Stavangerfjord

Viknavaeringer: At Home in Norway and America

In previous blog entries we chronicled OUR NORWEGIAN SAGA—a trip taken in September 2018 that began in Bergen, continued to Kirkenes in the far north, and ended in Oslo. The focal point of the journey was a Hurtigruten cruise along Norway’s magnificent western and northern coasts. On this unforgettable cruise we visited many of the same sites that Joan’s immigrant great-grandparents, Casper and Gjertine Cornelius, had visited on their own memorable return to Norway in 1932, a trip they made after forging a full life of 45 years in America. (See Our Norwegian Saga: Arrivals and Departures)
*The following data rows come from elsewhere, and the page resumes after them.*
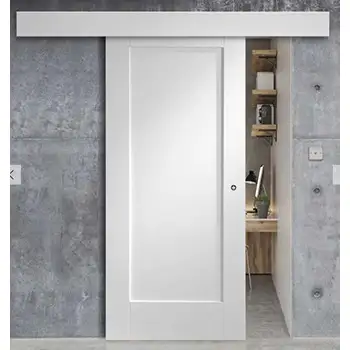 White one shaker panel wood sliding barn door with track cover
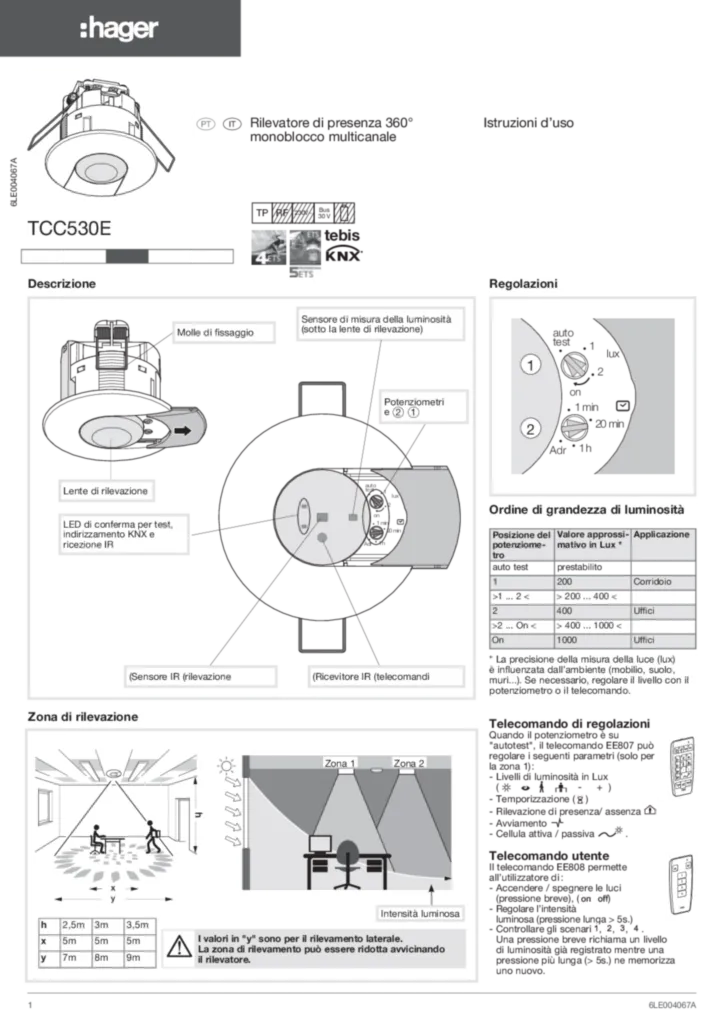 Image Détecteur de présence 360° monobloc multi-canaux | Hager Suisse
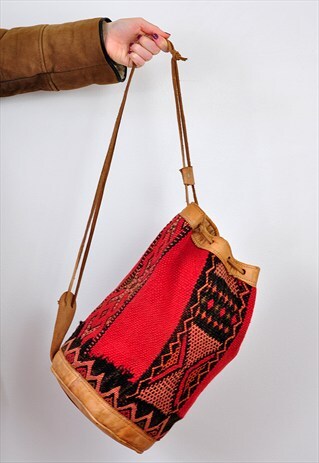 AZTEC DESIGN LEATHER AND TAPESTRY RUCKSACK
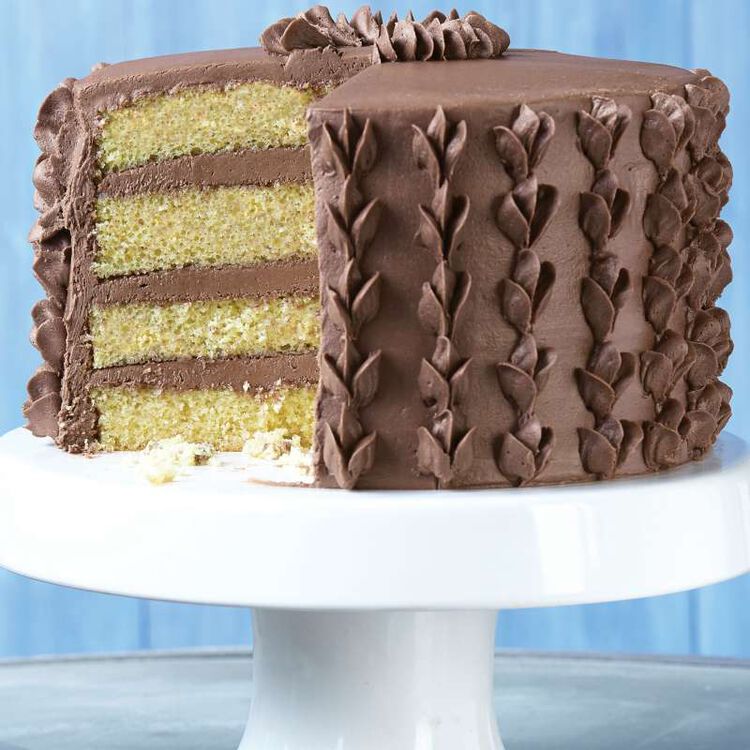 Layered Yellow Cake with Chocolate Frosting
A published account of Casper and Gjertine’s trip by John Rørvik entitled “Smaatræk fra Casper Cornelius’s Norges-Reise’’ (in Viknaværinger hjemme i Norge og i Amerika. Minneapolis, MN: Viknalaget, 1933, pp. 174-177) was written in Norwegian, and, thus hidden from those of us who know little of the language. The book in which this article appeared was published by the Viknalaget, a Norwegian-American bygdelag society formed in Minneapolis on February 8, 1924, comprised of members who had emigrated from Vikna, as well as their descendants. (Vikna was a former municipality in Trøndelag county that encompassed some 6,000 islands off the northwestern coast of Norway.) The Viknalaget’s first meeting, in fact, was held at Casper and Gjertine’s home at 2934 North Colfax Avenue in Minneapolis.

Casper’s childhood friend, John M. Johnson (Johan Michal Johannsen), accompanied them on the journey. (For more on John Johnson see our blog post: The John Johnson Cot)
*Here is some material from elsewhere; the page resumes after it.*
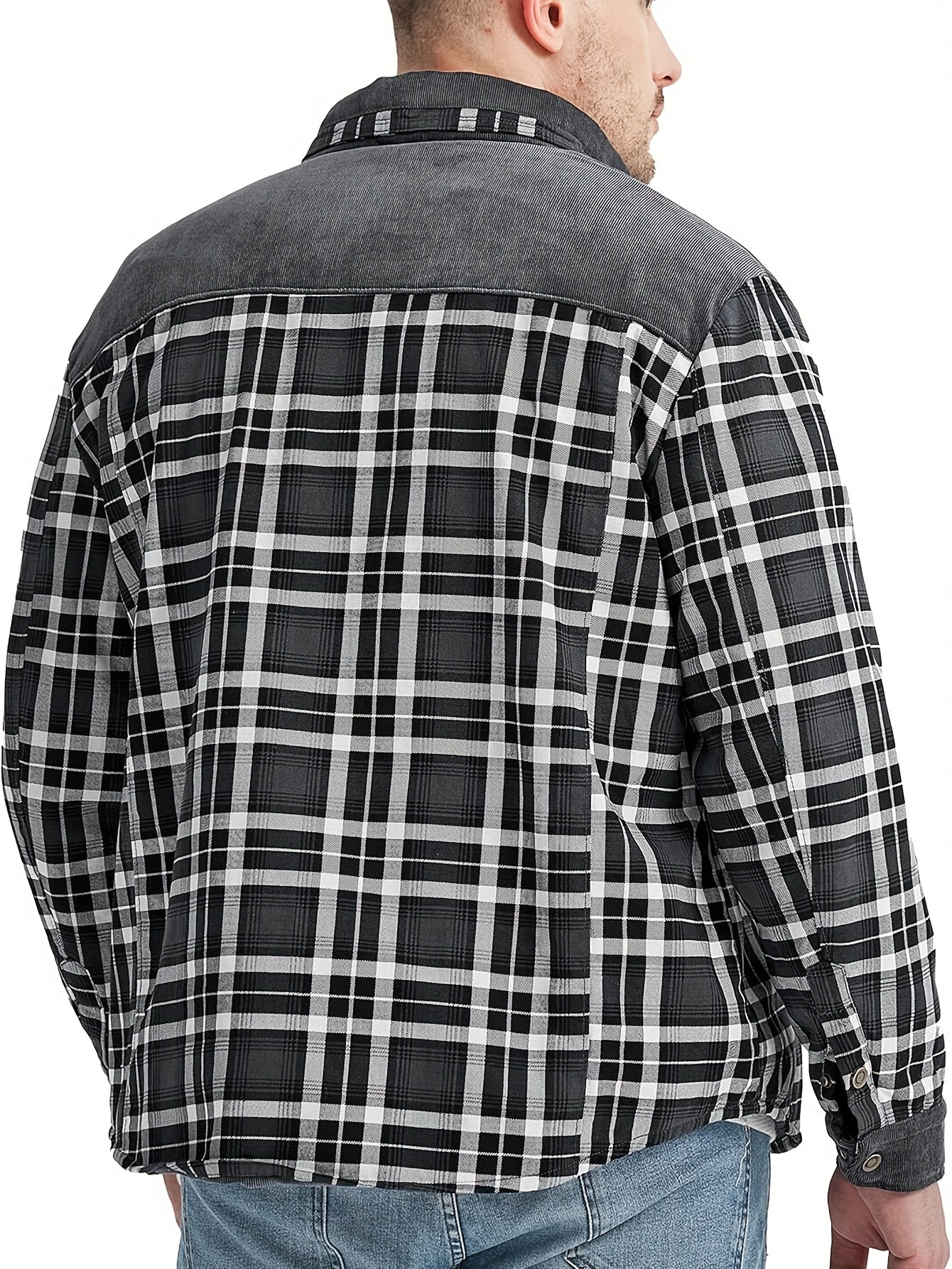 Casaco de fim de semana para outono/inverno em poliéster xadrez, de manga longa, corte regular e com lapela, para homem.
Below, Greg has translated the Norwegian text of the article, opening the door to a greater understanding of the journey of remembrance that Casper and Gjertine took so many years ago.
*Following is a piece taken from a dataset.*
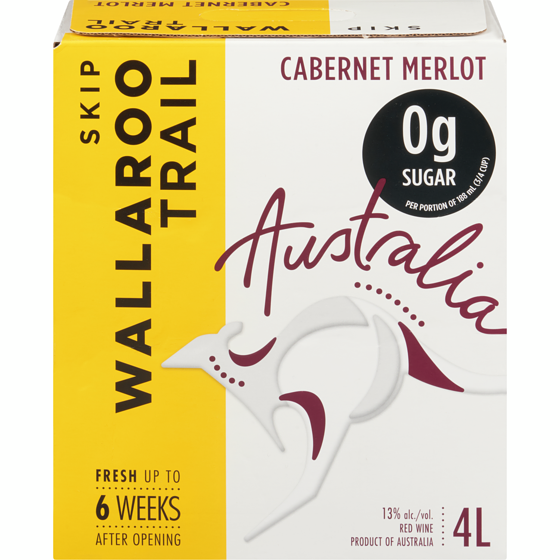 Wallaroo Trail Cabernet Merlot (ID required at pick-up) 4 l, $1.10/100ml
See the article in the original Norwegian: Smaatræk fra Casper Cornelius’s Norges-Reise.


VIKNAVAERINGER [1]

At Home in Norway and America

HISTORICAL AND BIOGRAPHICAL SKETCHES

PUBLISHED BY VIKNALAGET, MINNEAPOLIS, MINN

EDITED BY JOHN RORVIK AND PAUL WOXENG –1933

The Casper Cornelius home, where the Viknalaget’s first meeting was held.

The Casper Cornelius home, where the Viknalaget’s first meeting was held.

Highlights of Casper Cornelius’s Trip to Norway

At the Viknalaget meeting on October 7, 1932, our former secretary, Casper Cornelius, who, along with his wife and childhood friend, John M. Johnsen, from Waldwin, Wis.,[*] had just returned from a trip to Norway, was greeted with a welcome never before seen in our laget. [2] Never have the Viknavaeringer of the twin cities come out in such strength. Everyone was excited to hear news from Norway and Vikna and from the old friends and loved ones over there. And old Casper was the man who could tell the tale.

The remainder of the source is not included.